Note 2: The following analysis types use the results from the modal analysis. Therefore, these analysis types can take advantage of the smart bonding without any additional contact setup required:
Note 3: The mesh can be unmatched if using tied surface contact to perform the bonding, in which case the contact type would be Surface. If not using tied surface contact, then the mesh must be matched, and the contact type is Bonded. Tied surface contact is set under the Settings for the contact pair. See the page Setting Up and Performing the Analysis: Nonlinear: Loads and Constraints: Surface-to-Surface Contact: Surface-to-Surface Contact Options for details on tied contact.
Note 4: The Surface Contact column refers to three available contact types—Surface, Slide/No Separation, and Separation/No Sliding.
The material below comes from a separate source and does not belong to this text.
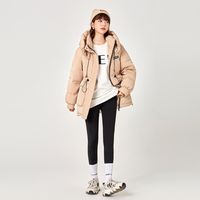 雪中飞 SNOWFLYING女款羽绒服冬季加厚户外时尚羽绒系列连帽抽绳收腰外套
Note 5: The Shrink Fit Contact column refers to two available contact types—Shrink Fit/Sliding and Shrink Fit/No Sliding. The amount of interference between parts can be represented in the CAD geometry (by overlapping the parts). Upon importation of the model into Simulation Mechanical, the surfaces are matched (zero interference, zero gap). That is, the interference is removed from the geometry and the mesh is matched between the parts. However, the amount of interference is retained in numerical form. For further discussion of this, see the Shrink Fit / Sliding and Shrink Fit / No Sliding sections below.
The type of contact specified by the top-level Contact (Default: __) setting in the tree view is applied to any two surfaces and are either not listed individually, or are listed individually but set as Default contact type. For example, if it can be assumed that all parts of an assembly are in perfect connection with each other – able to transmit all types of loads at their interface – then you can leave the default contact set to Bonded.
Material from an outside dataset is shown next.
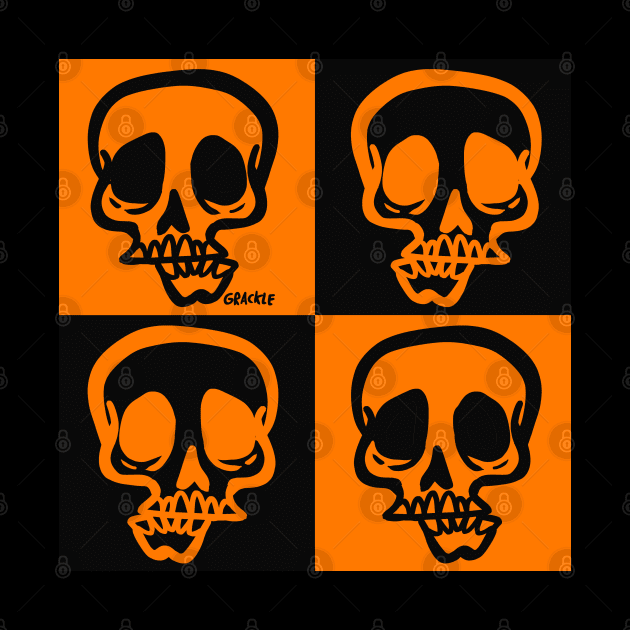 Halloween Skull Checkers by Jan Grackle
Each of the available types of contact are covered in the following sections.
If the Default command is selected for a contact entry, the type of contact will follow the global Contact (Default: __) setting. Default can only be selected in the tree view for an existing contact pair; it cannot be selected when creating the contact pair.
Bonded contact is applicable to all element types. The two surfaces will be in perfect contact throughout the analysis when bonded, and the loads are transmitted from one part to the adjacent part. In a stress analysis, when a node on one surface deflects, the node on the adjoining surface will deflect the same amount in the same direction. In a heat transfer analysis, the same temperature occurs in each part at the connection, and so forth.
Smart bonding is a method to connect the nodes on adjacent parts even though the meshes do not match. (See the Notes for Table 1 to activate the smart bonding and limitations on element types and analysis types.) Since the nodes may not line-up, a tolerance is required to match the mesh from part A surface B with the mesh from part C surface D. When using smart bonding, right-click a contact pair in the tree view and choose Settings to access the tolerances. The two options for the Tolerance type are as follows:
When the contact type is defined as part A with part C or part A with part C surface D, any nodes on part A within the tolerance of part C surface D will be bonded with the smart bonding. This may affect what size tolerance you want to use. (Technically, the software determines which surface is bonded to the adjacent surface. It does not depend on the order of the entry shown in the tree view.)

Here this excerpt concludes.